Content-Length Occasionally Wrong on Simple C# HTTP Server - c#

For some experimentation was working with Simple HTTP Server code here
In one case I wanted it to serve some ANSI encoded text configuration files. I am aware there are more issues with this code but the only one I'm currently concerned with is Content-Length is wrong, but only for certain text files.
Example code:
Output stream initialisation:
outputStream = new StreamWriter(new BufferedStream(socket.GetStream()));
The handling of HTTP get:
public override void handleGETRequest(HttpProcessor p)
{
if (p.http_url.EndsWith(".pac"))
{
string filename = Path.Combine(Path.GetDirectoryName(System.Reflection.Assembly.GetExecutingAssembly().Location), p.http_url.Substring(1));
Console.WriteLine(string.Format("HTTP request for : {0}", filename));
if (File.Exists(filename))
{
FileInfo fi = new FileInfo(filename);
DateTime lastWrite = fi.LastWriteTime;
Stream fs = File.Open(filename, FileMode.Open, FileAccess.Read, FileShare.Read);
StreamReader sr = new StreamReader(fs);
string result = sr.ReadToEnd().Trim();
Console.WriteLine(fi.Length);
Console.WriteLine(result.Length);
p.writeSuccess("application/x-javascript-config",result.Length,lastWrite);
p.outputStream.Write(result);
// fs.CopyTo(p.outputStream.BaseStream);
p.outputStream.BaseStream.Flush();
fs.Close();
}
else
{
Console.WriteLine("404 - FILE not found!");
p.writeFailure();
}
}
}
public void writeSuccess(string content_type,long length,DateTime lastModified) {
outputStream.Write("HTTP/1.0 200 OK\r\n");
outputStream.Write("Content-Type: " + content_type + "\r\n");
outputStream.Write("Last-Modified: {0}\r\n", lastModified.ToUniversalTime().ToString("r"));
outputStream.Write("Accept-Range: bytes\r\n");
outputStream.Write("Server: FlakyHTTPServer/1.3\r\n");
outputStream.Write("Date: {0}\r\n", DateTime.Now.ToUniversalTime().ToString("r"));
outputStream.Write(string.Format("Content-Length: {0}\r\n\r\n", length));
}
For most files I've tested with Content-Length is correct. However when testing with HTTP debugging tool Fiddler some times protocol violation is reported on Content-Length.
For example fiddler says:
Request Count: 1
Bytes Sent: 303 (headers:303; body:0)
Bytes Received: 29,847 (headers:224; body:29,623)
So Content-Length should be 29623. But the HTTP header generated is
Content-Length: 29617
I saved the body of HTTP content from Fiddler and visibly compared the files, couldn't notice any difference. Then loaded them into BeyondCompare Hex compare, there are several problems with files like this:
Original File: 2D 2D 96 20 2A 2F
HTTP Content : 2D 2D EF BF BD 20 2A 2F
Original File: 27 3B 0D 0A 09 7D 0D 0A 0D 0A 09
HTTP Content : 27 3B 0A 09 7D 0A 0A 09
I suspect problem is related to encoding but not exactly sure.
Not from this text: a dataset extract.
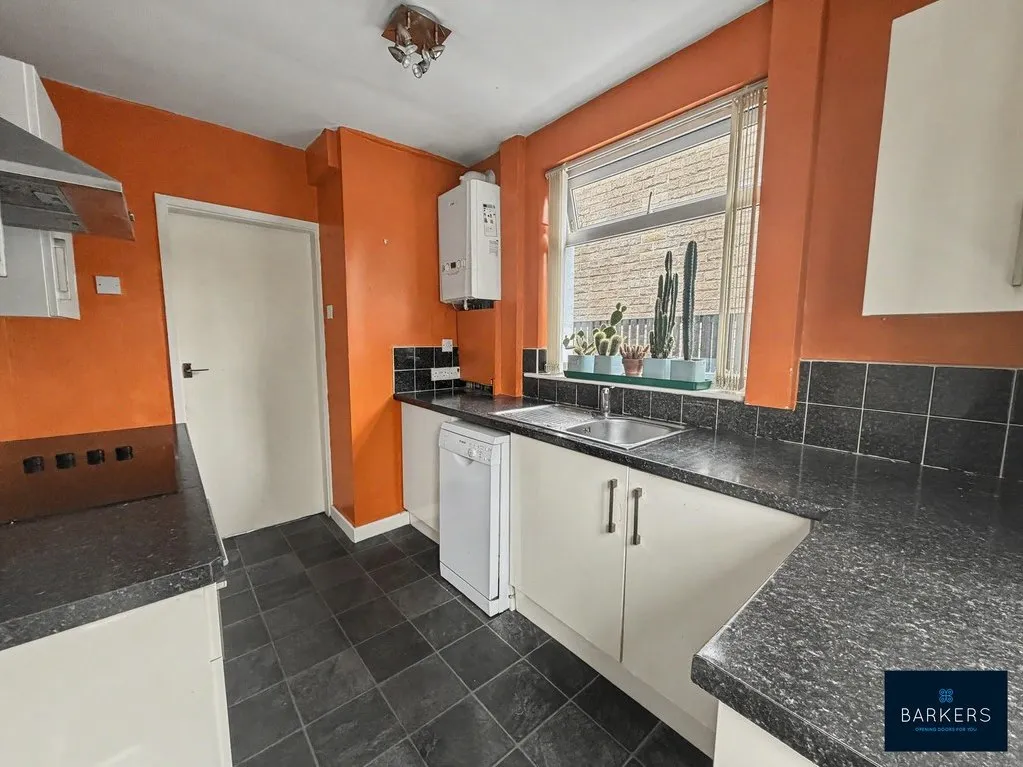 Stead Road, Bradford BD4 6QX, photo 4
Only serving ANSI encoded files, no Unicode.
I made the file serve correctly with right Content-Length by modifying parts of the file with bytes sequence. Made this change in 3 parts of the file:
2D 2D 96 (--–) to 2D 2D 2D (---)

Based on the bytes you pasted, it looks like there are a couple things going wrong here. First, it seems that CRLF in your input file (0D 0A) is being converted to just LF (0A). Second, it looks like the character encoding is changing, either when reading the file into a string, or Writeing the string to the HTTP client.
The HTTP Content-Length represents the number of bytes in the stream, whereas string.Length gives you the number of characters in the string. Unless your file is exclusively using the first 128 ASCII characters (which precludes non-English characters as well as special windows-1252 characters like the euro sign), it's unlikely that string.Length will exactly equal the length of the string encoded in either UTF-8 or ISO-8859-1.
If you convert the string to a byte[] before sending it to the client, you'll be able to get the "true" Content-Length. However, you'll still end up with mangled text if you didn't read the file using the proper encoding. (Whether you specify the encoding or not, a conversion is happening when reading the file into a string of Unicode characters.)
I highly recommend specifying the charset in the Content-Type header (e.g. application/x-javascript-config;charset=utf-8). It doesn't matter whether your charset is utf-8, utf-16, iso-8859-1, windows-1251, etc., as long as it's the same character encoding you use when converting your string into a byte[].

Related

ZLIB.net (.NET) zeros after inflating a byte array (randomly working)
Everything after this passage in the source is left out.